Why Spurs Fans Must Never Stop Singing The Y-Word

For Spurs fans, Yid is not synonymous with Jew. It incorporates all minorities and makes Tottenham unique as the outstanding multicultural, accepting club in Europe.

My earliest football-related memory takes me back to Stamford Bridge somewhere in the mid-nineties. Yet the action on the pitch remains to me as hazy as the date, score or any other facts arising from the game. All I can really gather in my mind is an interminable whistling from the fans surrounding me. I knew even then, at the age of 8 or 9, what it denoted and to this day I don't recall feeling as alienated, as a British Jew, as I did then.

It was the hiss of the gas chambers.

You can only imagine what other hate filled slurs were screamed from the terraces that day, though my dad and I didn't stay long.

Since then, I've been fortunate and have mixed in circles where racism rarely features. A while ago at university, a friend of a friend who came to stay for the weekend repeatedly referred to me as Shylock, Shakespeare's literary depiction of a miserly Jew. Quite imaginative, yes, but I wondered if he would dare to conjure up an equivalent black or Muslim literary caricature in similar circumstances.

Over the years, Tottenham Hotspur FC has built up a reputation as a Jewish club. This is because the North London area is relatively densely populated by Jews and many of the club's owners, including current chief Daniel Levy, are Jewish. Though Arsenal also hold links to the faith, it is not quite so prevalent, perhaps because their roots lie in Woolwich.

In a moving response to anti-Semitic chants from rival fans, the Spurs faithful, most of whom are not Jewish, adopted the banner Yid Army. Rather than disassociate themselves from the religion, they embraced it. But now politically correct censors are lurking with their rule books as comedian David Baddiel and Peter Herbert of the Society of Black Lawyers intend to make the chant illegal.

Baddiel rightly questions whether a Brixton-based club would allow their fans to chant the N-word at matches.

But there are key differences. The N-word evokes images of slavery which spanned centuries and the term itself suggests black people are inferior. Yid is a neutral term for Jew that depends entirely on intent. Baddiel said the test is to walk up to a Jewish person outside of football and shout 'Yid' in his face and see how he reacts. But if you bellowed 'Jew', 'Muslim' or 'Christian' at somebody you didn't know, it would be equally inflammatory, though these are not inherently offensive terms.

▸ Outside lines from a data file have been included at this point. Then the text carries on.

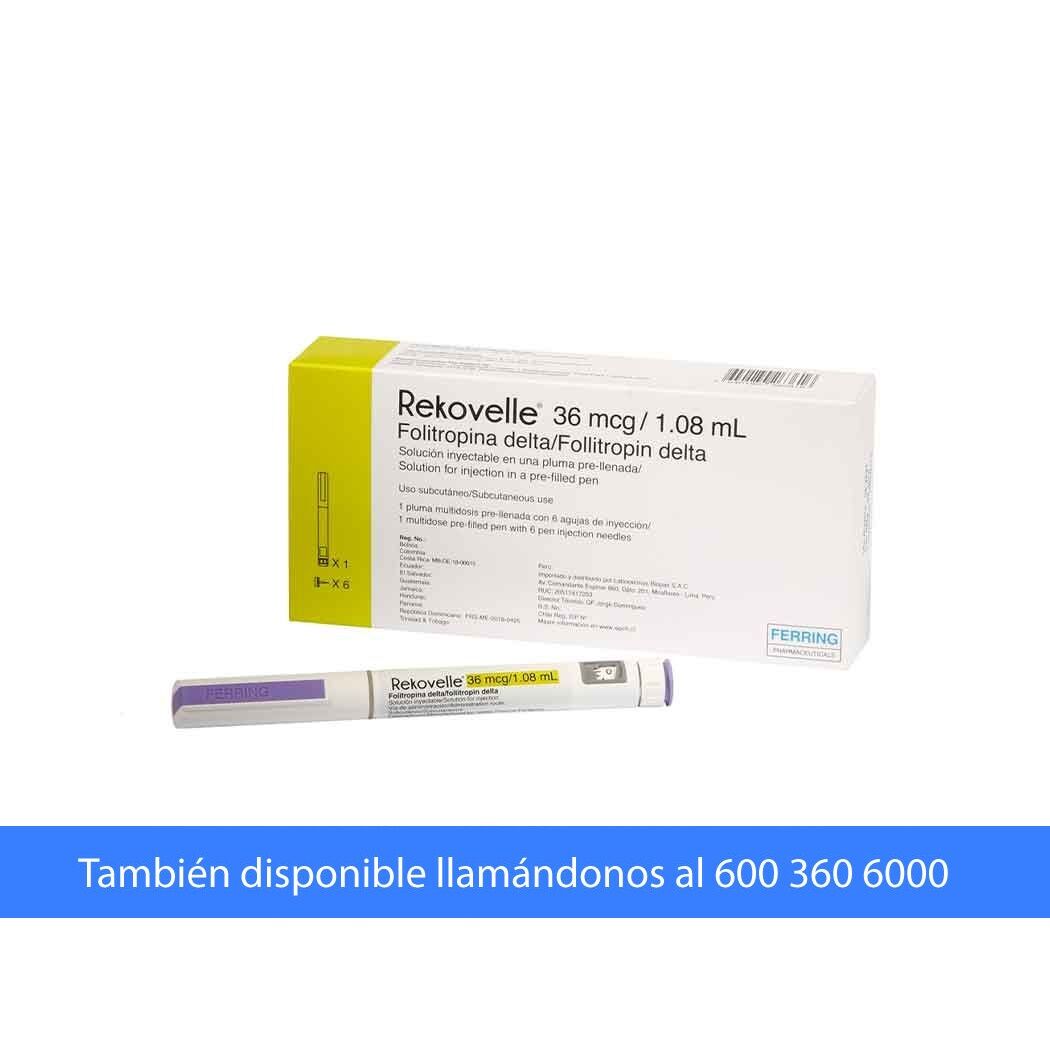 Rekovelle Folitropina Delta 36mcg/1.08ml Inyectable 1 Jeringa Prellenada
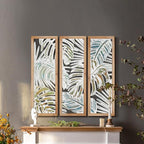 XIAOAIKA Boho Hand-Carved Wood Wall Art Decor, 35.5" Tropical Leaf Design - Image 6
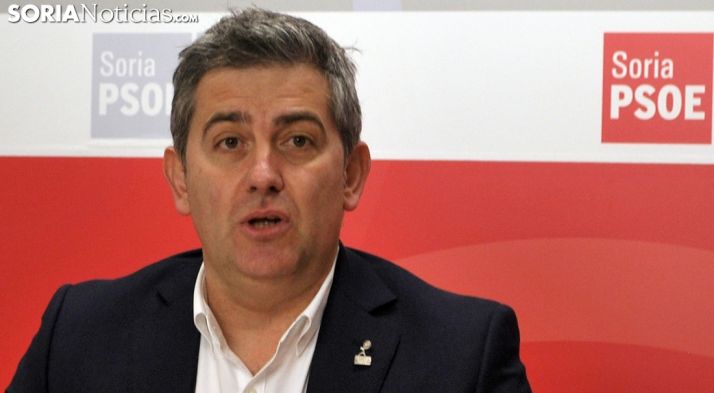 Javier Antón, aforado socialista por Soria. /SN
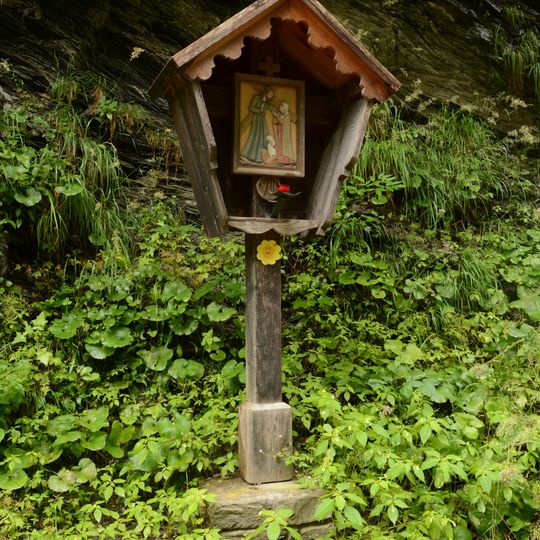 Bildstock am Kreuzweg zur Kapelle am Klaunzerberg, 8. Station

At a time when free speech is particularly vulnerable and people are being arrested for daft or even menacing expressions of opinion such as burning a poppy, do we really want to start banning words without really taking into consideration their intent and etymology just because it upsets certain people?

One of the champions of free speech, Salmon Rushdie, said: "There is no right in the world not to be offended. That right simply doesn't exist. In a free society, an open society, people have strong opinions, and these opinions very often clash. In a democracy, we have to learn to deal with this."

Many people have been offended by Baddiel's comedy routine over the years, but that does not mean he should be gagged. Likewise, while Spurs' recital of Yid may cause offence to a self-righteous minority, we absolutely cannot as a society keep resorting to the censors, particularly when intent is decent.

The most poignant stance on the matter came from a blog by Lee Taylor, a Spurs fan brought up in Hackney in the 70s who got caught up in racism as a kid. He became a skinhead and "did all the things you're supposed to do - Union Jack badges, red laces in your boots and hanging around street corners looking aggressive to anyone different to you".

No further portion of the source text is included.